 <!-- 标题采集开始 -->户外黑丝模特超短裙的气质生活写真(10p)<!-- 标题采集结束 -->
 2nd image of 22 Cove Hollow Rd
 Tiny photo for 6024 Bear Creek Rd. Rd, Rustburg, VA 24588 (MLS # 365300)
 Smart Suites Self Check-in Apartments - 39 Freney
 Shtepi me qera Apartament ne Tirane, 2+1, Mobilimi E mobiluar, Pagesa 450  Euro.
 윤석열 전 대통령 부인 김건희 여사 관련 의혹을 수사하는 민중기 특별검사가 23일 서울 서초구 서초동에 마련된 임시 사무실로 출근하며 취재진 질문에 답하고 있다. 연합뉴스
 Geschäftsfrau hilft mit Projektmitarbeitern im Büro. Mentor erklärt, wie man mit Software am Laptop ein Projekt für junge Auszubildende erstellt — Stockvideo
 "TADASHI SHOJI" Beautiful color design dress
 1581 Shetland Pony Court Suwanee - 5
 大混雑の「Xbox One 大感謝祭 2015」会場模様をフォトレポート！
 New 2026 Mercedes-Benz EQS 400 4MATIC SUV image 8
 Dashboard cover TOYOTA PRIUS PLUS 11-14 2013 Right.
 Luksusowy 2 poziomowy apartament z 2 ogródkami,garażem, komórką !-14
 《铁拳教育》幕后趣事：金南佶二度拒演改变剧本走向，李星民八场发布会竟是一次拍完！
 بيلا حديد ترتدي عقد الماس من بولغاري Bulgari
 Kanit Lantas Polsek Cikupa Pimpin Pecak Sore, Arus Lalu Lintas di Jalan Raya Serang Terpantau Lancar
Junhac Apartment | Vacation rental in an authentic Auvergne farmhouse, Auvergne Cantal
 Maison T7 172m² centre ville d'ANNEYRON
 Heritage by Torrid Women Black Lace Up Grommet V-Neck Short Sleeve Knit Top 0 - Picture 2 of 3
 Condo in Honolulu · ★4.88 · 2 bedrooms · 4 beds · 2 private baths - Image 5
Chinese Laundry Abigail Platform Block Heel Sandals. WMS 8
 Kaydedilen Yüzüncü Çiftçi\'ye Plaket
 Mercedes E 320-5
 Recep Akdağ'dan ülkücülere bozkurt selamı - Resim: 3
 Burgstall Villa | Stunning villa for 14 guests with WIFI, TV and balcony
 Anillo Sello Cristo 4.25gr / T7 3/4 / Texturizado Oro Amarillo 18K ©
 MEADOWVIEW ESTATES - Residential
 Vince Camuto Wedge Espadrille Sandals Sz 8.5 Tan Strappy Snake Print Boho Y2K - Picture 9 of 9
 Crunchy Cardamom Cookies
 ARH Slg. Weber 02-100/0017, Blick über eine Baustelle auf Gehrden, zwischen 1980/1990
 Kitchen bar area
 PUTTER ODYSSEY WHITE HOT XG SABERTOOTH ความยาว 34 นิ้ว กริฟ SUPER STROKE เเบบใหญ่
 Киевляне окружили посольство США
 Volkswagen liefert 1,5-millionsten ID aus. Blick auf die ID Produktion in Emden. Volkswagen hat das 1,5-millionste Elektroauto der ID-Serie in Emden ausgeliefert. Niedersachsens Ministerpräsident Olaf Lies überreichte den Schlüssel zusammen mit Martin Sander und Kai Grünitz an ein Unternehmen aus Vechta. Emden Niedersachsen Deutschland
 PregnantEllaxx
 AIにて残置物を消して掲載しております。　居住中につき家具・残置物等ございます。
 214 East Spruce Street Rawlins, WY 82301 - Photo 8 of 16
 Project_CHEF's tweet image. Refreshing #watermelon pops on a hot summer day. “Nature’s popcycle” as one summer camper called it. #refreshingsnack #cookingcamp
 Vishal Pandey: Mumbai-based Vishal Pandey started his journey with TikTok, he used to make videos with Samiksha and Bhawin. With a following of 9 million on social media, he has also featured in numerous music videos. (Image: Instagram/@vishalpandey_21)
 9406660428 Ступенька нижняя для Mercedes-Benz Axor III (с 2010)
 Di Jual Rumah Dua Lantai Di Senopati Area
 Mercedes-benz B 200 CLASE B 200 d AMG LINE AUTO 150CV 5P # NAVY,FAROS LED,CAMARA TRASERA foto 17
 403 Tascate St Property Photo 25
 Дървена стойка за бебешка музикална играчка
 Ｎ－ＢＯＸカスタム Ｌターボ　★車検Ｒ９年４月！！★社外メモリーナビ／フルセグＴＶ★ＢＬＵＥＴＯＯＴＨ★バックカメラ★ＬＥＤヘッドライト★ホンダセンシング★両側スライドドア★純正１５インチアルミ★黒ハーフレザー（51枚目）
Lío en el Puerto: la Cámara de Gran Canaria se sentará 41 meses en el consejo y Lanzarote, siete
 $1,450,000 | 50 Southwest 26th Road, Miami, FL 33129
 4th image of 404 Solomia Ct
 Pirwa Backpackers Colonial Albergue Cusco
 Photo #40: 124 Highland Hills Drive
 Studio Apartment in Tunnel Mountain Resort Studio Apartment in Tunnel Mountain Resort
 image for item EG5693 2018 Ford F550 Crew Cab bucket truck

▶ _What you are asked to do_
Print exactly the lines above, between the one holding "Mercedes E 320-5" and the one holding "214 East Spruce", inclusive, and nothing besides.

▶ _Solution_
 Mercedes E 320-5
 Recep Akdağ'dan ülkücülere bozkurt selamı - Resim: 3
 Burgstall Villa | Stunning villa for 14 guests with WIFI, TV and balcony
 Anillo Sello Cristo 4.25gr / T7 3/4 / Texturizado Oro Amarillo 18K ©
 MEADOWVIEW ESTATES - Residential
 Vince Camuto Wedge Espadrille Sandals Sz 8.5 Tan Strappy Snake Print Boho Y2K - Picture 9 of 9
 Crunchy Cardamom Cookies
 ARH Slg. Weber 02-100/0017, Blick über eine Baustelle auf Gehrden, zwischen 1980/1990
 Kitchen bar area
 PUTTER ODYSSEY WHITE HOT XG SABERTOOTH ความยาว 34 นิ้ว กริฟ SUPER STROKE เเบบใหญ่
 Киевляне окружили посольство США
 Volkswagen liefert 1,5-millionsten ID aus. Blick auf die ID Produktion in Emden. Volkswagen hat das 1,5-millionste Elektroauto der ID-Serie in Emden ausgeliefert. Niedersachsens Ministerpräsident Olaf Lies überreichte den Schlüssel zusammen mit Martin Sander und Kai Grünitz an ein Unternehmen aus Vechta. Emden Niedersachsen Deutschland
 PregnantEllaxx
 AIにて残置物を消して掲載しております。　居住中につき家具・残置物等ございます。
 214 East Spruce Street Rawlins, WY 82301 - Photo 8 of 16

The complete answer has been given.